School allows parents to opt children out of Black History Month activities, school director says he’s ‘deeply’ saddened and disappointed
Feb 5, 2021, 8:04 PM | Updated: Feb 8, 2021, 4:45 pm
(Maria Montessori Academy in Ogden, Google Maps)
UPDATE: School officials have reversed their decision to allow parents to opt their children out of Black History Month activities since this article was published.
NORTH OGDEN, Utah – An elementary school is getting a lot of angry phone calls after administrators told parents they can opt their children out of participating in Black History Month events. The school’s director says he reluctantly made the decision after some parents asked for it.
Parents of children at Maria Montessori Academy in North Ogden were sent a message saying they have the option of letting their kids not take part in Black History Month activities, and they received a link to a Google document that they could fill out if that’s what they wanted.
This angered many parents and other concerned citizens. One woman posted on Facebook, “Can somebody please explain to me why a school in Utah would be allowing children top opt out of Black History Month? Does this school allow kids to opt out of other U.S. History?”
Some educators tell KSL current state law allows parents to opt out of any part of the school day, whether that be a class, lunch or other school activities.
However, Academy Director Micah Hirokawa says this wasn’t a decision he wanted to make. He posted a message on the school’s Facebook page saying some parents asked to opt their kids out of the activities, and he reluctantly sent out a letter to parents informing them how they could do so, even though it goes against his personal beliefs.
Hirokawa wrote, “There are too many people who are seeking to be a light in this world and choose to fight this war with anger, violence, and hate. To use these methods to gain peace and acceptance I feel is hypocrisy.
Hirokawa also wrote that his own great-grandparents were thrown into an internment camp, and he sees great value in teaching children treatment, challenges and obstacles people of color have faced.
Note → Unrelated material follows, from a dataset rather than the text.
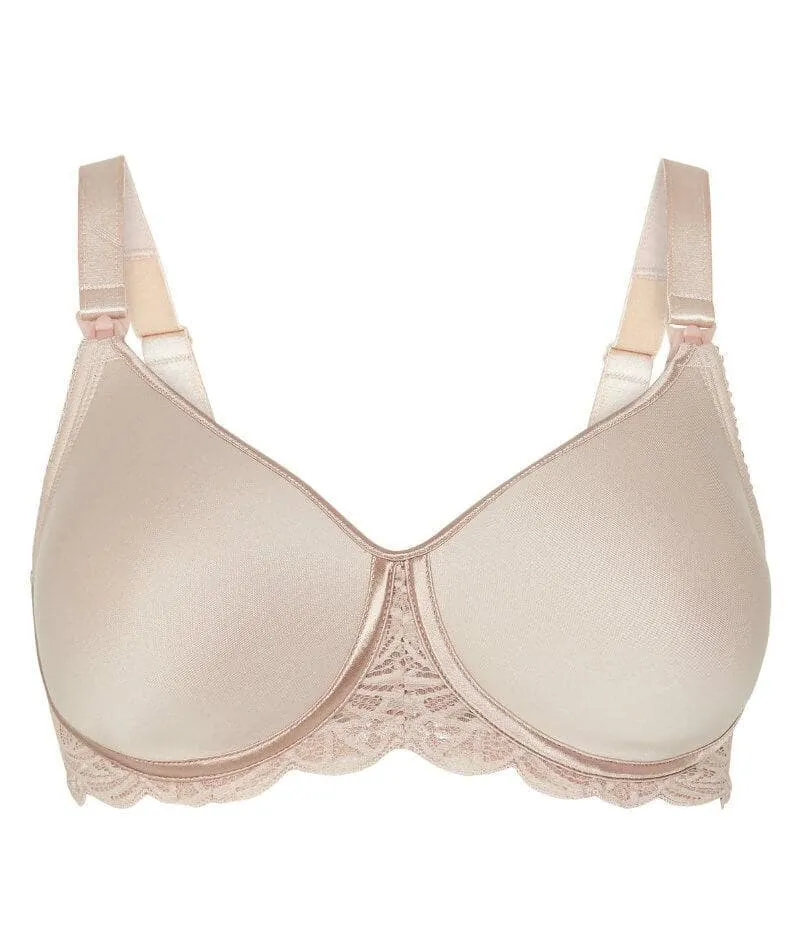 Fayreform Lace Perfect Maternity Wire-free Bra - Latte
He added, “I am deeply troubled that in today’s society, not just in our community but throughout the Nation, there are those today who still continue to exercise their civil rights to not participate in events like Black History Month. I believe that all of us, and especially our children, need to participate in Black History Month and in the process learn how to appreciate and love those who may be different than us.”
His entire statement can be read here.
The fact that some parents were asking to take their kids out of these events is upsetting to NAACP of Utah President Jeanetta Williams.
“I am really surprised and appalled that a parent would want to have their child opt out,” Williams says. “This is something that should be taught year-round and not just in February.”
Even though parents are allowed to opt their children out of any school event, Williams says there are requirements every child has to meet if they want to graduate, and knowledge of Black history should be one of those requirements.
“There should be no given opportunity to have a student opt out just because they feel uncomfortable about talking about race and race relationships,” she says. “If they want to opt out, then perhaps the best thing they should do is homeschool their children.”